In many of these studies we are using the unicellular Chlamydomonas, a model flagellated organism amenable to biochemical, genetic, and molecular genetic approaches. Our proteomic analysis of the Chlamydomonas flagellum generated a virtual "gold mine" of data that has and will continue to form the basis for many exciting projects. Because the proteins of cilia and flagella have been highly conserved throughout evolution, the human homologues of most of these proteins are readily identified. This opens the door to understanding the functions of many previously uncharacterized ciliary proteins. We currently are investigating the functions of several proteins whose homologues in humans or mice are known to cause disease, including blindness (Leber congenital amaurosis) and kidney disease, as well as syndromic ciliopathies such as Bardet-Biedl syndrome and primary ciliary dyskinesia. Typically, we explore the functions of these proteins in Chlamydomonas and then in the mouse to be sure that what we learn from Chlamydomonas is applicable to mammals.

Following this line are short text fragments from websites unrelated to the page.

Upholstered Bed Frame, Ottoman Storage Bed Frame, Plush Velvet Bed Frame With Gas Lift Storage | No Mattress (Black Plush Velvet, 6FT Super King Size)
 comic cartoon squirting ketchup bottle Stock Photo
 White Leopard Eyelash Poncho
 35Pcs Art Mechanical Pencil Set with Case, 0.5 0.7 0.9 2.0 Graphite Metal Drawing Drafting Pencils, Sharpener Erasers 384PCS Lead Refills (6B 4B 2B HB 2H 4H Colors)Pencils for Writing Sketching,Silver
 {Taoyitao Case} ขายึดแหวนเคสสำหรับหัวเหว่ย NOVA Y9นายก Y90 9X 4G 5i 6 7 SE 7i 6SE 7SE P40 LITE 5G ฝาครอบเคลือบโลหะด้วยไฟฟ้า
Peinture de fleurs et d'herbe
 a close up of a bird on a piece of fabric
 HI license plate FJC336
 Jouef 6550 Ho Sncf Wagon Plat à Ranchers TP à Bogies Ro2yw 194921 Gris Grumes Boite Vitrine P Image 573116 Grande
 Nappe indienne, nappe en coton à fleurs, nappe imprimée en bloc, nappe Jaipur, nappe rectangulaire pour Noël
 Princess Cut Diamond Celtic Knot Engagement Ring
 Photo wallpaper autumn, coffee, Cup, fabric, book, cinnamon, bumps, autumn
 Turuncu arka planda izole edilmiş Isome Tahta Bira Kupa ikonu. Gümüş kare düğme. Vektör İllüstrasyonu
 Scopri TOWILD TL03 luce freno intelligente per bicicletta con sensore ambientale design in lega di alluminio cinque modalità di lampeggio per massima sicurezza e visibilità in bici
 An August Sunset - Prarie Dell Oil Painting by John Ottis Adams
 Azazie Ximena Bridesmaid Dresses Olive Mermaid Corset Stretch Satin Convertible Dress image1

Many members of this laboratory also are participating in a large-scale project to generate and identify insertional Chlamydomonas mutants for all the genes encoding flagellar proteins.
Finally, we are studying a process called "intraflagellar transport" (IFT), which involves the active movement of multi-subunit protein particles from the base to the tip of the flagellum, and back to the base again. These particles carry cargo necessary for assembly and maintenance of the flagellum, and also transport signals from the flagellum to the cell body and vice versa. We are characterizing the motors responsible for this transport, the individual polypeptides that make up the IFT particles, and the proteins and protein complexes that interact with the IFT particle and generally function as cargo adaptors. These studies are providing new insights into a process that is essential for the assembly of almost all cilia and flagella.